Bing is making its image search engine more precise through improved understanding of the relationships between user queries, images, and webpages.
In addition, Bing is also bringing multi-granularity matching to image search with new vector-match, attribute-match, and best representative query match techniques.
Being explains how these enhancements will improve image search:
“… Bing image search has employed many deep learning techniques to map both query and document into semantic space greatly improving our search quality. There are however still many hard cases where users search for objects with specific context or attributes (for example: {blonde man with a mustache}, {dance outfits for girls with a rose}) which cannot be satisfied by current search stack. This prompted us to develop further enhancements.”

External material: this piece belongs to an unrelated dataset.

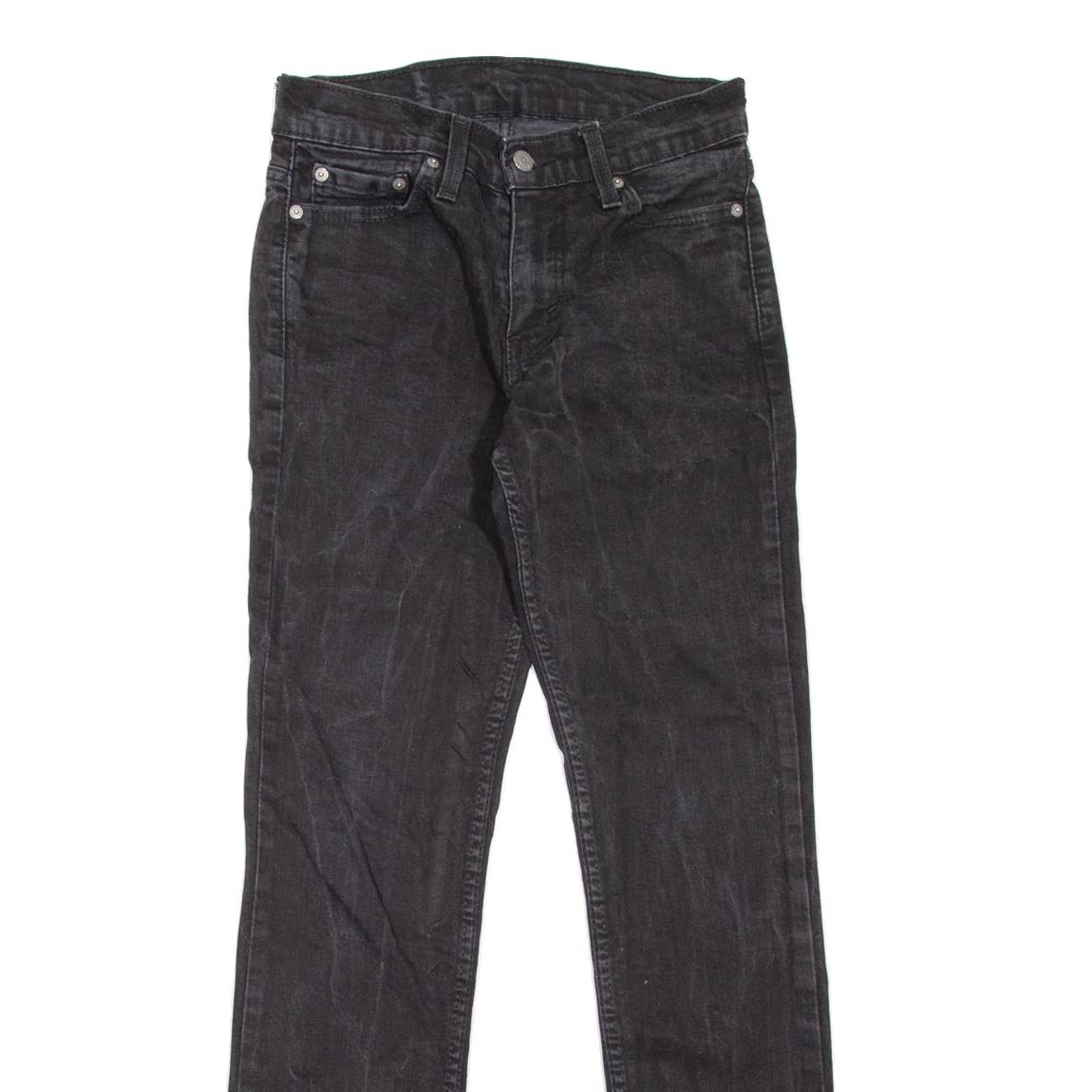 LEVI'S 511 Jeans Mens Black Slim Straight W29 L32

Here’s more about Bing’s multi-granularity matching.
Vector match
Using the above-mentioned example of “dance outfits for girls with a rose,” Bing illustrates how its new vector match for image search works:
“With recent advancements we incorporated BERT/Transformer technology leveraging 1) pre-trained knowledge to better interpret text information … 2) attention mechanism to embed the image and webpage with the awareness of each other, so that the embedded document is a good summarization of the salient areas of the image and the key points on the webpage.”
Attribute match
Attribute match utilizes a set of techniques to extract a set of object attributes from both the query and source document and use those attributes for matching.
Using the example query “elderly man swimming pictures,” Bing shows how it applies attribute detectors to extract descriptions of the person’s appearance and behavior.
“Despite the webpage having insufficient textual information for this image, we are now able to detect certain similar attributes from the image content and its surrounding text. Now the query and document can be considered a “precise match” since they share the same attributes.”
Best Representative Query (BRQ) match
Bing has enriched the metadata for images with Best Representative Query information. The Best Representative Query for a given image is a query that the image would be a good result for.
BRQs resemble user queries, which means they can be naturally and easily matched to incoming queries. They are typically a summarization of the main topics of the webpage and the major image content.
Generating a richer set of BRQs for images will leads to better search results, Bing says.